A Super Earth with liquid water has been discovered by NASA and may be habitable for some kind of life meaning we may not be alone in the universe.
Planet K2-18b is a super-Earth that orbits its sun in the Leo constellation. The planet is approximately 110 light years away and is the first discovery of water on another planet that could support alien life.
Scientists at the University College London (UCL) have found that the super-Earth contains liquid water and even has an atmosphere.
Water was detected in the planet’s atmosphere by measuring light waves filtering through hydrogen molecules.
The discovery was made from archived data in NASA’s Hubble Telescope from 2016 and 2017. Though Hubble didn’t have the capabilities to spot any signs of life, new telescopes will be launching soon that will be able to search for biosignatures and aim to answer the biggest question in philosophy and science… ‘Are we alone in the universe?’
The Super Earth could well harbor life and has conditions for such, but biological humans would have two difficulties living there. Due to the planet’s gravitational forces being too strong it would be impossible to walk on the planet and the immense sunlight would likely make any human develop cancer.

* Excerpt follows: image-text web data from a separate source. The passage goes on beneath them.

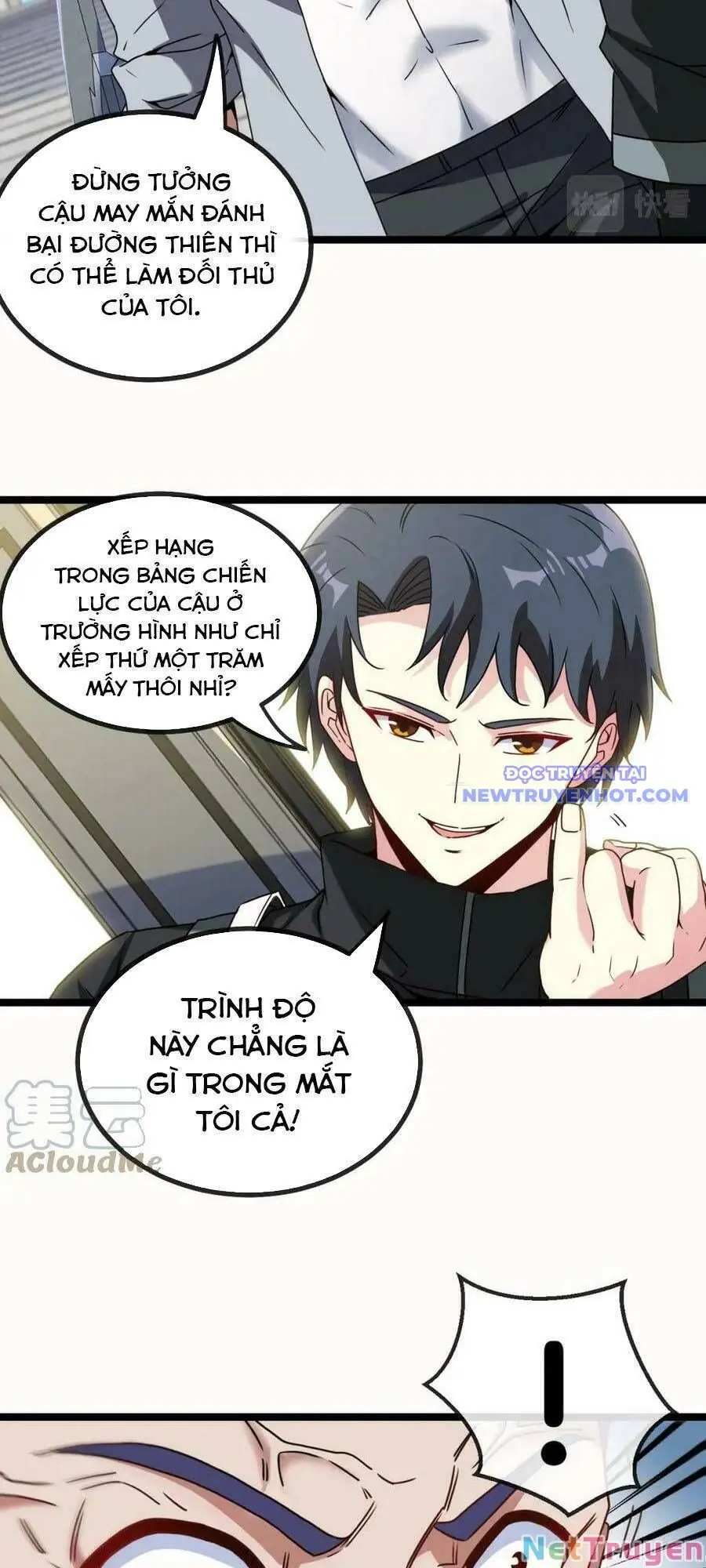 Thần Cấp Thăng Cấp Hệ Thống Chapter 29 - Trang 23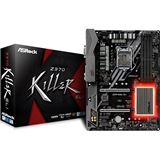 ASRock Z370 Killer SLI Intel Z370 So.1151 Dual Channel DDR4 ATX Retail ASRock Z370 Killer SLI Intel Z370 So.1151 Dual Channel DDR4 ATX Retail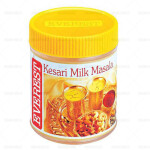 EVEREST KESAR MILK MASALA - a mixture of spices for a milk drink 50G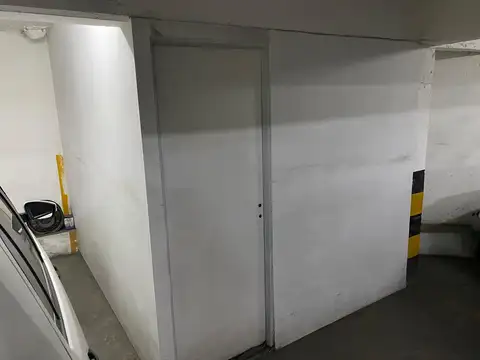 Cochera San Martin 1600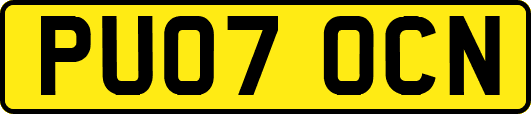 PU07OCN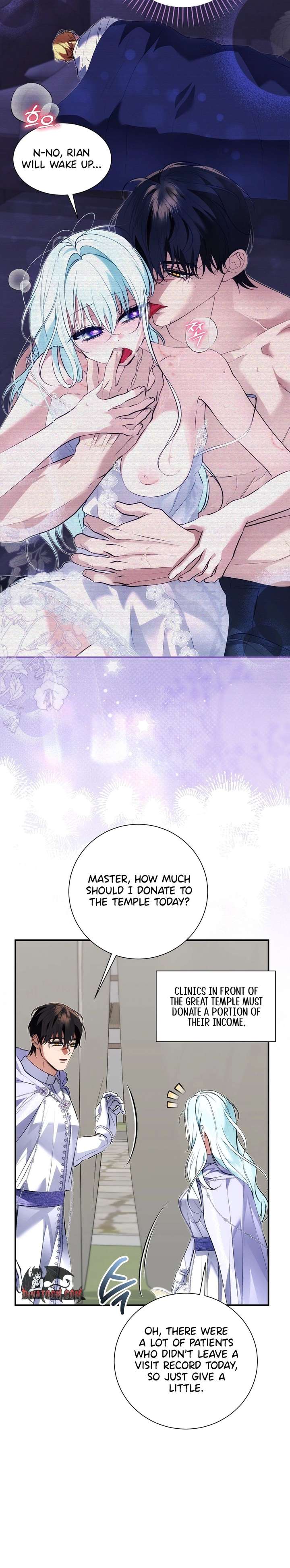 The Fake Saint of a Reverse Harem Game Chapter 40 105 ch 40 6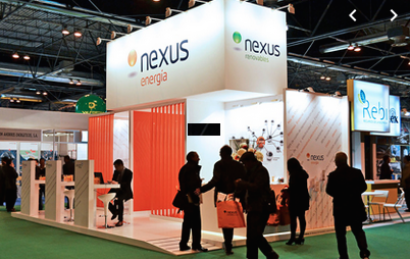 Nexus Energía añade 1.850 MW a su cartera de representación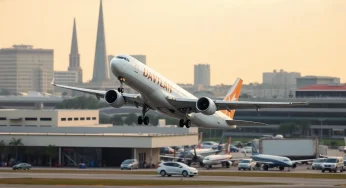 Breeze Airways Expands Nonstop Routes from New Orleans
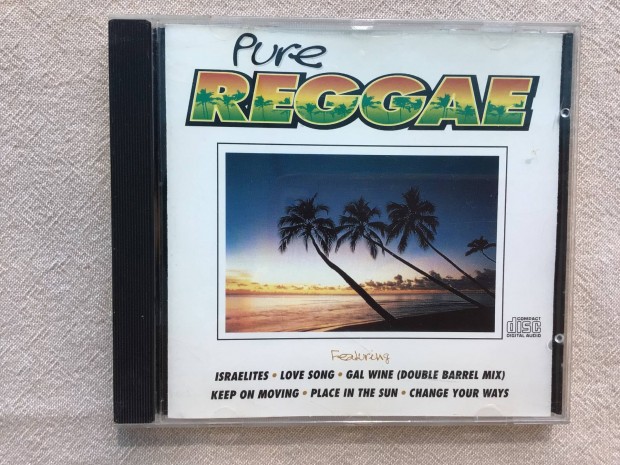 Reggae - Pure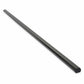 Steering Shaft 3/4-Inch Dd X 36-Inches Long - Black Zinc Finish-320-201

Some websites claim that the planet is not habitable at all, but they’re limiting their calculations to human life or similar. Something many overlook is that alien life is something we’re not able to explain yet, because it is alien to us. The conditions that we require may not be the conditions another biological race may require.
The conditions on the planet may be totally suitable for some form of biological beings that have adjusted to the planet’s gravity and might even have large amounts of melatonin in their skin to protect them from the UV rays. They would likely have completely different biological structures altogether.
Maybe they have something similar to the fungus that was found to eat radiation.
Dr Angelos Tsiaras, of UCL’s Centre for Space Exochemistry Data, said: “Finding water in a potentially habitable world other than Earth is incredibly exciting.”